Scraped caption text data
····················
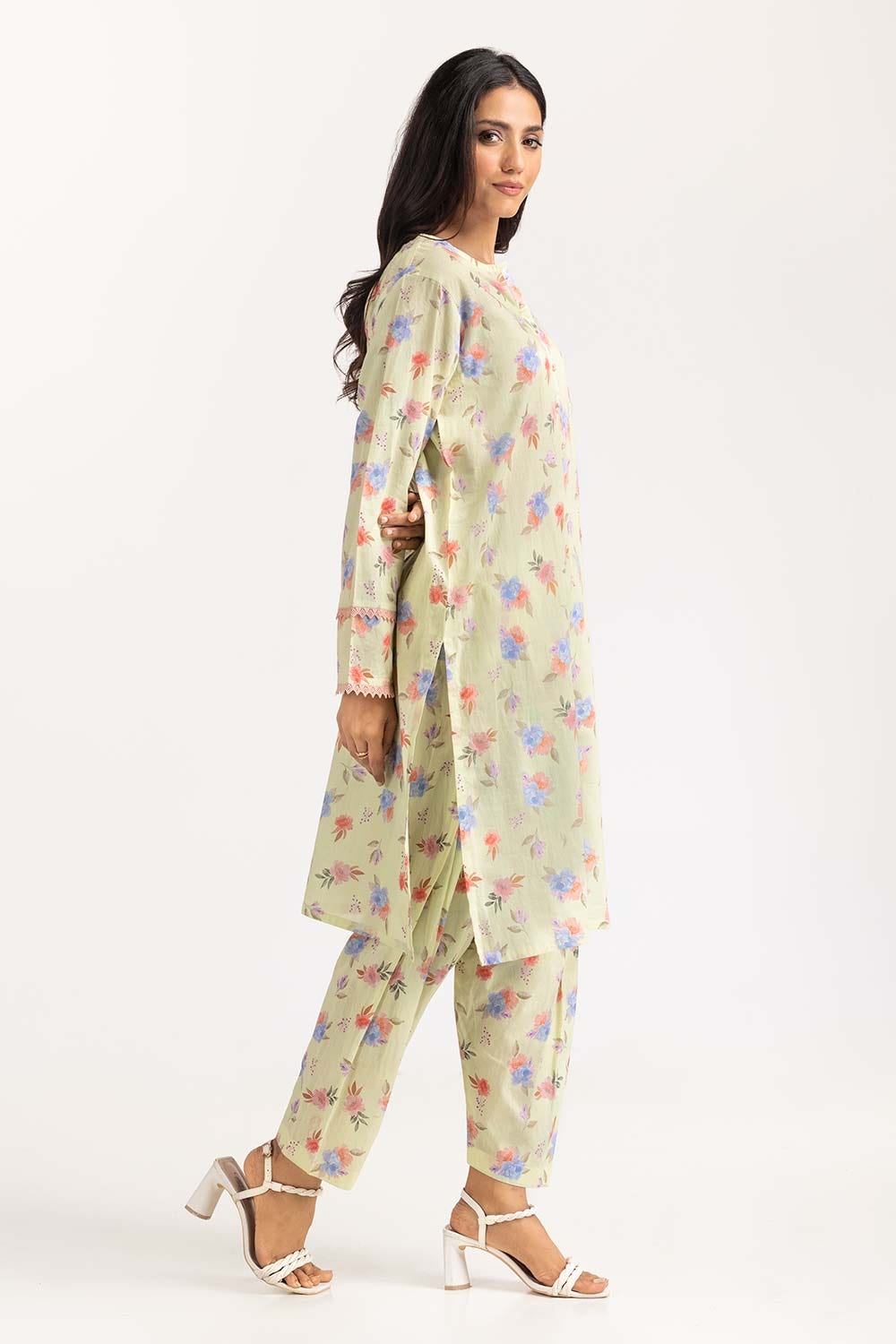 2 Piece Printed Cambric Shirt With Shalwar IPS-23-42
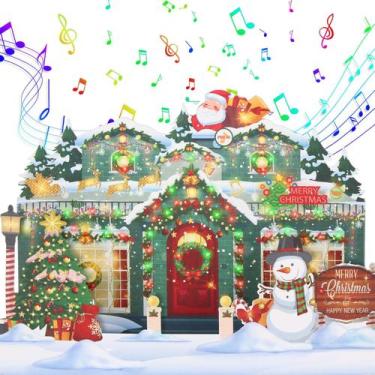 Imagem de Cartão de Natal 3D com Pop-Up e Música - XTF2015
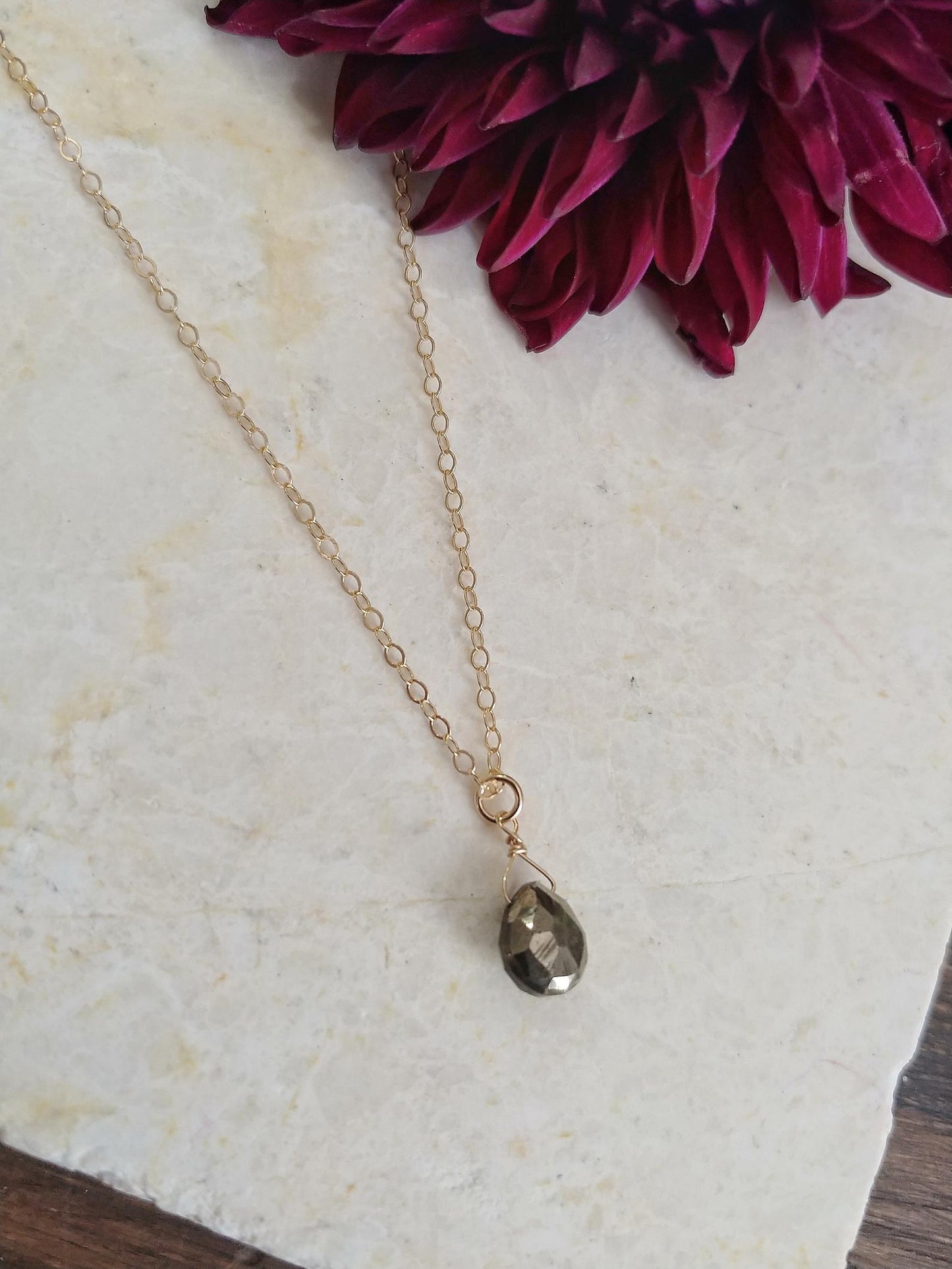 Pyrite Gemstone Necklace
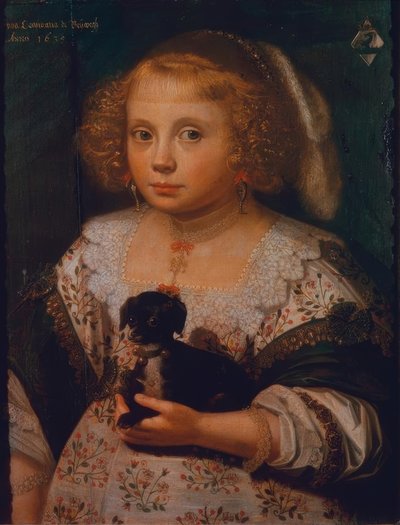 Portret dziecka Anny Constantia de Beijwegh autorstwa Anthonie Palamedesz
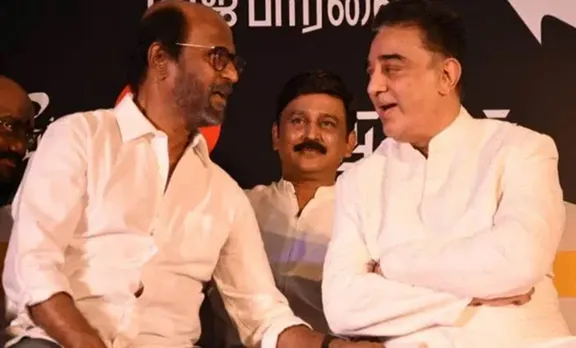 Rajinkanth and Kamal Haasan, രജനീകാന്ത്, രജിനികാന്ത്, കമൽഹാസൻ, Rajinikanth, Kamal Haasan, Rajini and Kamal, Kamal Haasan birthday event, Kamal Haasan birthday celebrations, Rajinikanth latest, Kamal Haasan latest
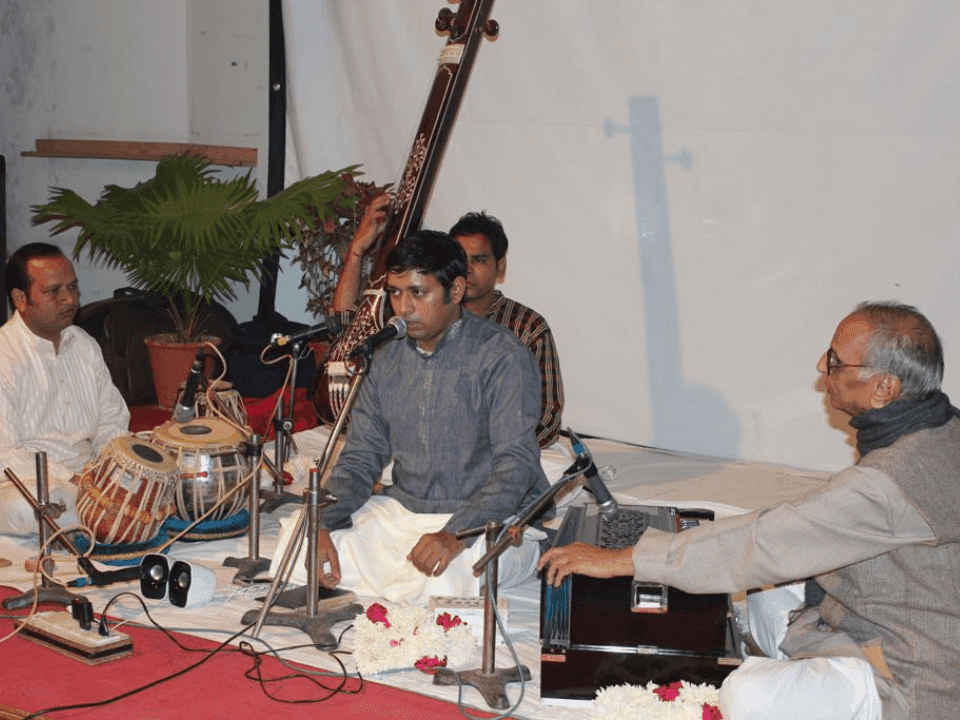 Adarsh with Guruji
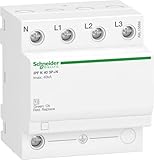 Schneider Electric Überspannungsableiter Acti9 Typ 2 iPF K40, Typ 2, 3-polig+N, Imax 40kA, In 15kA, TT & TN-S, Artikelnummer A9L15688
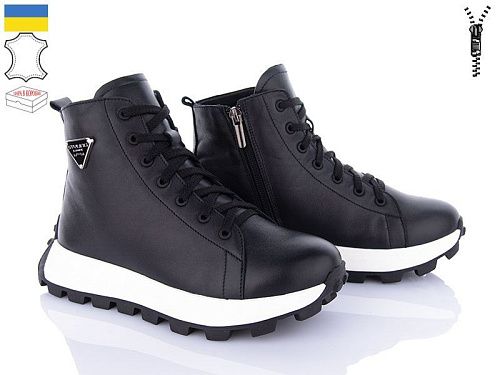 Ботинки Royal Shoes 21 black хутро в магазине Фонтан Обуви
····················
#### Task prompt
Where the line containing "Portret dziecka Anny" appears in the entries above, start there and set down every line exactly through the last one, inclusive; omit pictures.

#### Answer
 Portret dziecka Anny Constantia de Beijwegh autorstwa Anthonie Palamedesz
 Rajinkanth and Kamal Haasan, രജനീകാന്ത്, രജിനികാന്ത്, കമൽഹാസൻ, Rajinikanth, Kamal Haasan, Rajini and Kamal, Kamal Haasan birthday event, Kamal Haasan birthday celebrations, Rajinikanth latest, Kamal Haasan latest
 Adarsh with Guruji
 Schneider Electric Überspannungsableiter Acti9 Typ 2 iPF K40, Typ 2, 3-polig+N, Imax 40kA, In 15kA, TT & TN-S, Artikelnummer A9L15688
 Ботинки Royal Shoes 21 black хутро в магазине Фонтан Обуви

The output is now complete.